Nicotinic Acetylcholine receptors (nAchRs) belong to ligand-gated ion channels and are located within CNS and PNS and neuro-muscular junctions. Molecules that mimic the action of acetylcholine, bind to nAchRs and open the ion channels and allow an influx of sodium, potassium or calcium ions. The nAchR agonists include nicotine, acetylcholine, choline, cytisine, and epibatidine. Acetylcholine mainly acts through two different classes of receptors. These are nicotinic receptors (receptors in the skeletal muscle neuromuscular junctions and other ganglia and central nervous system) and muscarinic receptors (distributed in central and peripheral nervous system) (Role & Berg, 1996). Due to their strong affinity towards nicotine, acetylcholine receptors are commonly known as nicotinic acetylcholine receptors. In the peripheral nervous system, acetylcholine stimulates muscle contraction through its interaction with nAchRs in the skeletal muscle fibres.

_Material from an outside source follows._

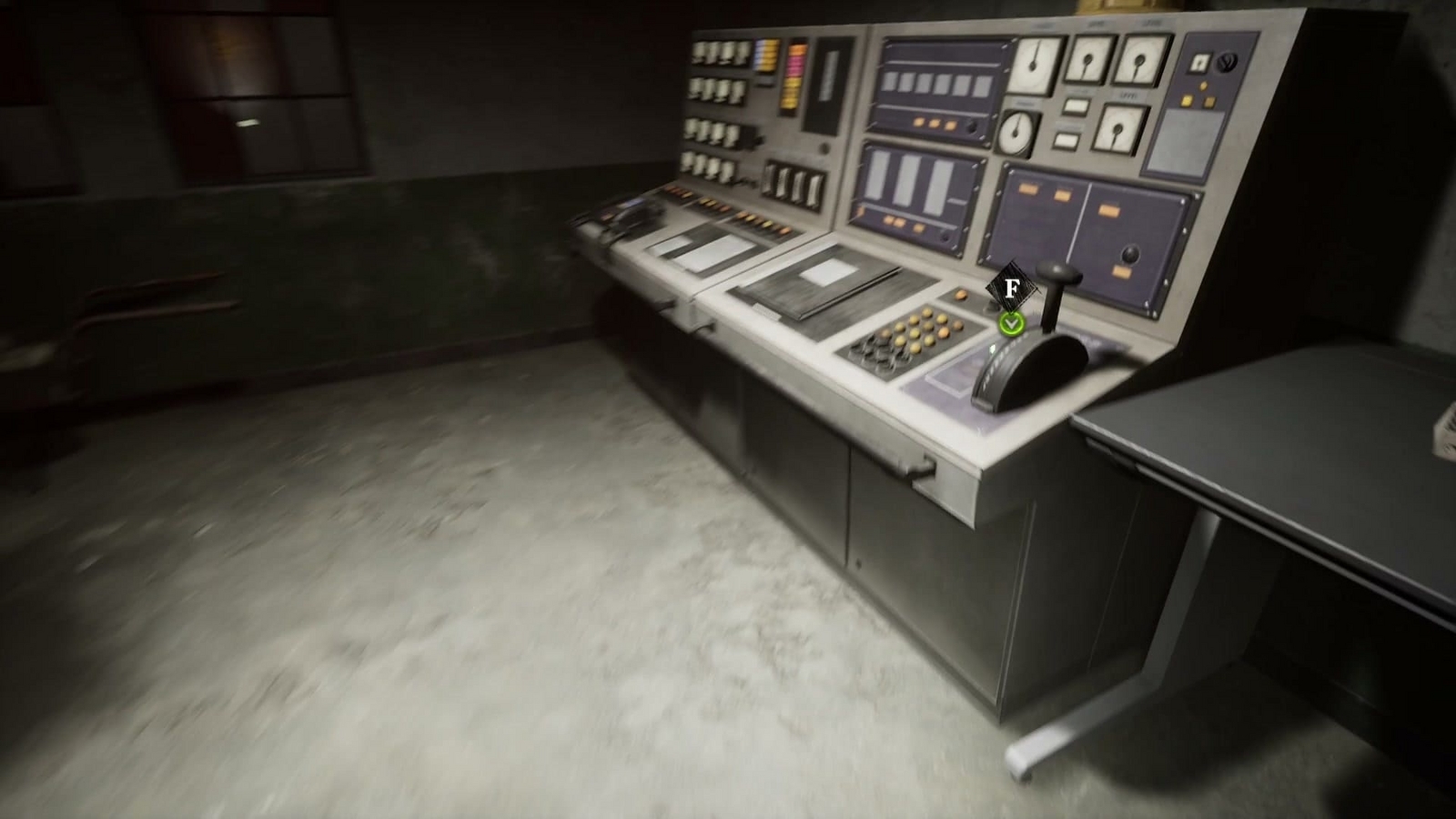 The_Bridge_Curse_2_the_extrication_chapter_4_demon_instructor_5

Sodium ion channels are opened, and sodium influx occurs to initiate muscle contraction. It is to be noted that epibatidine has been found to be a potent agonist of nAchRs, though its application imparts profound peripheral effects as it also affects the nAchRs present in the muscular junctions. Therefore to come across its clinical limitations, nerve specific analogues are getting more familiar. ABT-594, an analogue of epibatidine, is currently in a clinical trial. In the treatment of dementia in Alzheimer’s disease, tobacco dependence, glaucoma, this group of drugs are mainly used. In contrast to this, drugs that selectively block the nicotinic receptors are known as ganglionic blocking agents or nicotinic antagonists.